By March 26, 2011No Comments

While Nigel has you thinking about how you govern your agile projects I want you to spend some time thinking about a man by the name of Melvin Conway.  In 1968 he made this observation:

“…organizations which design systems … are constrained to produce designs which are copies of the communication structures of these organizations.”

I often paraphrase this as:

“Your system’s architecture will match your org chart”

Even with the flattest, non-hierarchical org structure the way you organise your teams, even the way they are physically situated leaves a lasting finger print on any technology platforms you build.  If you have three teams which are fairly autonomously building a large system, don’t be surprised to find three different applications communicating via a series of APIs.  If you have a geographically distributed team, expect to find highly modularised systems with lots of code focused on decoupling.  If you have a large monolithic development team you’ll find a large monolithic application.

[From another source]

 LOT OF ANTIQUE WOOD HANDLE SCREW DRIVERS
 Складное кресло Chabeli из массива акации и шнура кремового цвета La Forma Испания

This is especially true of agile projects where decisions about your platforms are not taken by a command and control style group of enterprise architects but instead handed to the builders of individual components.  Often when talking about org design I hear something along the lines of this … “There is no perfect org structure, so this one will do” … while I think the first part is true, take a moment to think if the org structure is going to breed a sustainable platform architecture before you decide if it will do.

“Any darn fool can make something complex; it takes a genius to make something simple.” – Albert Einstein.